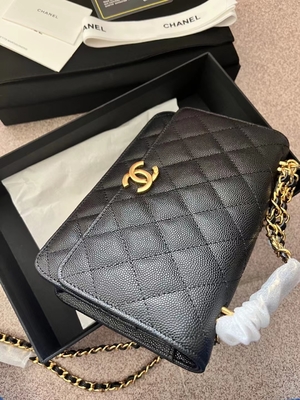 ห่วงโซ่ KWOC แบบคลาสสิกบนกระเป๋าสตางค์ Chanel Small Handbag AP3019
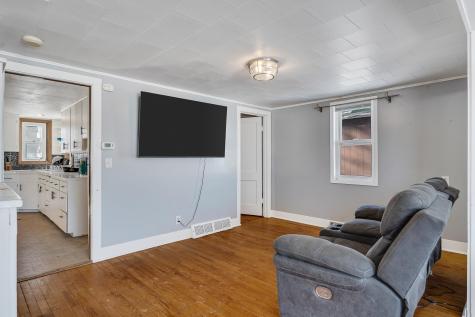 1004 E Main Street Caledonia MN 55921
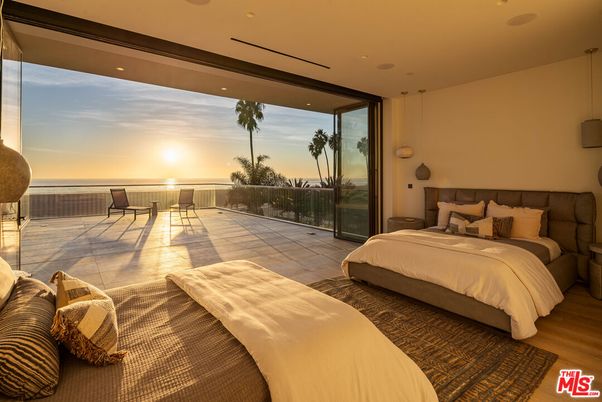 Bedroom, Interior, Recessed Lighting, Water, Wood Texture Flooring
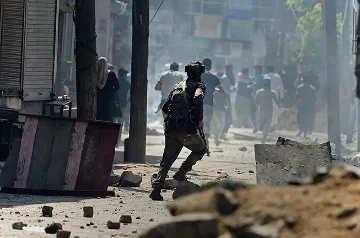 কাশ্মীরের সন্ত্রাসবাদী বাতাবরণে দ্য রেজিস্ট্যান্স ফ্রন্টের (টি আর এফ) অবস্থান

__________

### What this task involves
Output all the material above exactly once more, leaving every picture out.

### Solution to this exercise
 ห่วงโซ่ KWOC แบบคลาสสิกบนกระเป๋าสตางค์ Chanel Small Handbag AP3019
 1004 E Main Street Caledonia MN 55921
 Bedroom, Interior, Recessed Lighting, Water, Wood Texture Flooring
 কাশ্মীরের সন্ত্রাসবাদী বাতাবরণে দ্য রেজিস্ট্যান্স ফ্রন্টের (টি আর এফ) অবস্থান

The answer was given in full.